On ne meurt que mille fois
«Pour beaucoup d’Occidentaux, la croyance en la réincarnation s’inscrit dans le refus de n’avoir qu’une seule vie à vivre et la mécanique des jeux vidéo reflète bien cette croyance», a expliqué Mathieu Dagenais lors d’une conférence qui a eu lieu le 16 mars sur le thème «Vie, mort et après-mort: jeux et enjeux d’une société post-mortelle». L’un des jeux les plus populaires est le first-person shooter, qui se traduit par «jeu de tir à la première personne». Immergé dans un monde semé d’embûches, possédant une vision d’ensemble de toute la scène tel un dieu omniscient, le joueur doit à tout prix persister dans sa mission et marquer des points, au propre comme au figuré. Appelé à atteindre de plus hauts niveaux comme autant de cycles de vie, jamais il ne peut revenir en arrière, l’important étant de durer.
«Les concepteurs de jeux vidéo ont compris que la mort définitive d’un personnage pouvait nuire à l’intérêt du jeu et du même coup, à sa popularité, affirme Mathieu Dagenais. Le pire, c’est qu’on a aux États-Unis des jeunes qui sont morts d’avoir trop joué devant leur ordinateur. Ils étaient tellement pris par le jeu qu’ils en oubliaient de se nourrir et de dormir, ce qui nous ramène au caractère obsédant de certains jeux vidéo.» La mort n’est jamais non plus définitive dans un autre jeu très populaire du type World War Craft. Peuplé de personnages fantastiques, le héros doit y combattre dragons et fantômes, l’une des récompenses ultimes étant l’épée, symbole de sa force et moteur de reconnaissance sociale de la part des autres joueurs. Il s’y crée parfois un système de castes. Les personnages n’y vieillissent jamais mais évoluent constamment, s’incarnant et se désincarnant au fil d’existences inventées.

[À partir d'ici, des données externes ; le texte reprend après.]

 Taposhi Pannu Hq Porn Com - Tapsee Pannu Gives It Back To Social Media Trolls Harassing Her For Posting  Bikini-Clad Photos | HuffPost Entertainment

Le mot de la fin appartient à Jean-Philippe Perreault, doctorant en sciences des religions qui participait également à cette conférence organisée par la Faculté de théologie et de sciences religieuses et le Regroupement des étudiants en sciences des religions. «Dans une société comme la nôtre où la mort est en quelque sorte niée collectivement, il est normal qu’elle ressorte dans les jeux vidéo, souligne Philippe Perreault. Mais dans ces mondes réels et virtuels où on ne meurt jamais, est-on encore dans l’humanité?»